The Monster Jam was broken down into two main parts with the first half comprised of a series of dual races that narrowed the field down into quarter-finals and semi-finals with the last two trucks facing off for the evening’s championship. The muddy field courtesy of the timely downpour led to some extra slick racing as the competitors spewed huge mud patties high into the air. One truck called the “Carolina Crusher” blew its engine at the conclusion of his laps and needed to be towed from the course. Overall, the 12-foot tall 10,000 pound participants proved agile and up to the task of navigating the slick custom-built track.
The winner “Son-Uva Digger” was driven by Ryan Anderson who is having a dominant season in this portion of the event locking up his fourth victory in a row in Music City. He was awarded a championship trophy but in his post race interview made it known that we was going to give it to a fan in the audience so he climbed into the stands and hand-delivered the prize to one lucky lad. In this way, the Monster Jam was a little like Pro Wrestling with fervent showmanship. But, it was also a bit NASCAR and demolition derby as well.
Ryan’s father Dennis is the driver of the one truck that has surpassed Bigfoot in fame and popularity on the Monster Truck circuit. Grave Digger was greeted with enthusiastic cheers from the Nissan Stadium faithful – many of whom were wearing the truck’s image on their T-shirts on this warm spring night in Nashville.
Monster Jam is a live motorsport event tour and television show operated by Feld Entertainment. The series is sanctioned under the umbrella of the United States Hot Rod Association (USHRA) and takes place primarily in the United States. The arena version of the event has played well to Nashville fans as recently as this past January. But, this was the inaugural appearance for the outdoor version and it was a first for the stadium as well. We were told by the evening’s announcer that never before had dirt, and lots of it, been carted on to this field in Tennessee.

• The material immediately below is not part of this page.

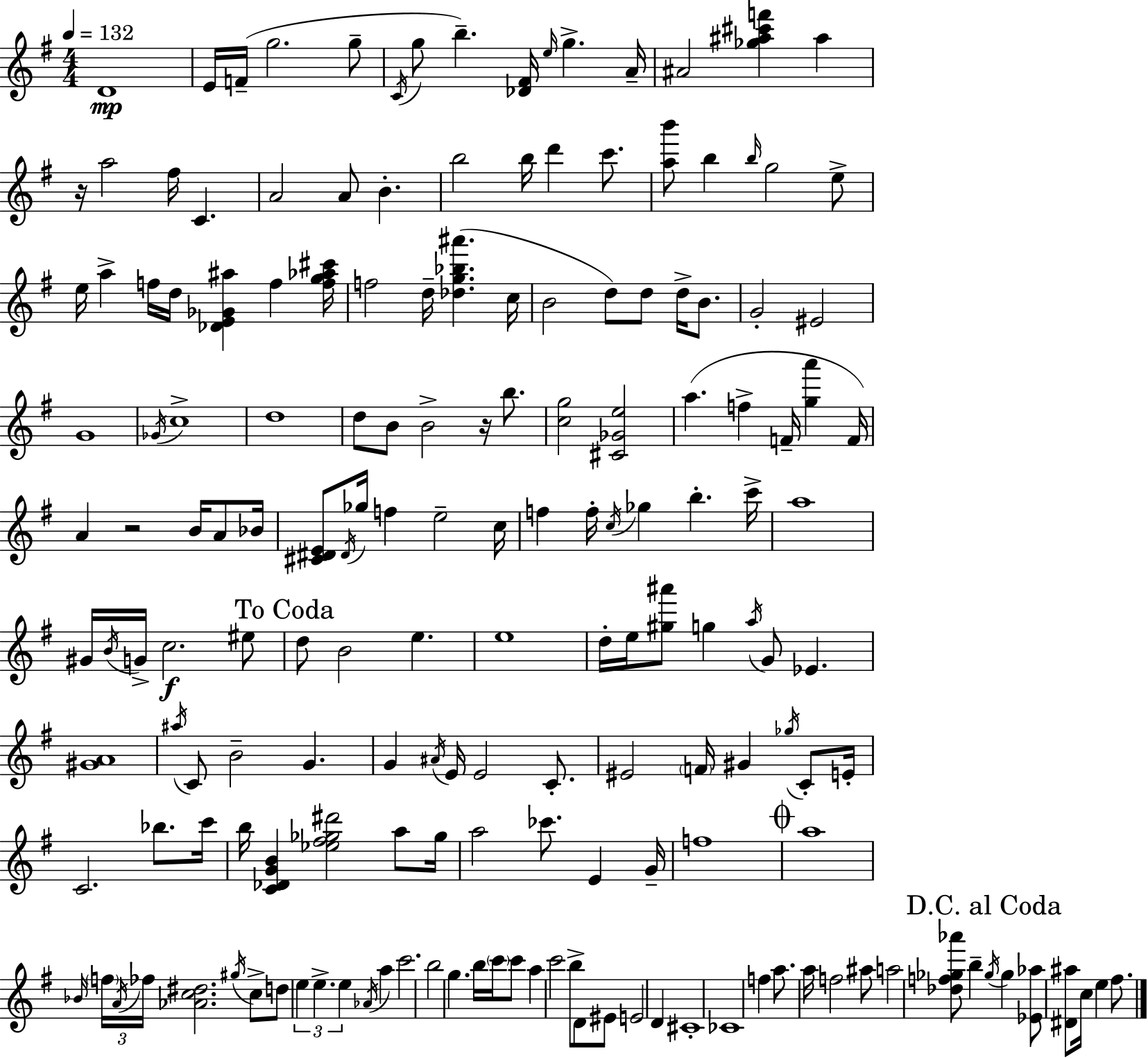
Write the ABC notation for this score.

After the race those trucks that did not qualify were eligible to participate in a fan-pleasing dual donut battle that displayed the driver’s skills in handling and tested their ability to deliver a stylized spin-filled segment. Fans voted for their favorites after each round that featured high performance, tantalizing tire rotation and rapid revolutions from the trucks.
The freestyle portion of the show comprised the second half of Monster Jam and this is where the family-friendly fun really kicked in fueled by lots of high octane rock music from AC/DC and the arena staple, “We Will Rock You” by Queen. The music added energy as the Monster Trucks screamed and leaped as they put themselves in perilous danger. One truck called El Toro Loco featured flashy bull horns that snapped off after a dramatic roll over. Not to be mourned the driver collected them both and delivered them to two fans who went home with prized mementos courtesy of the vehicle’s demise. The Hot Wheels truck was like a child’s toy come to life as it conducted several back-flips off the berm at the back-end of the stadium that was the highlight of the night.
At the conclusion of freestyle showcase several idled trucks littered the sidelines of the stadium but that’s all part of it. Vehicles seemingly destroyed at the Nashville Monster Jam will be expertly rebuilt and ready to jump and jam the next time these monstrous machines roll into a city near you.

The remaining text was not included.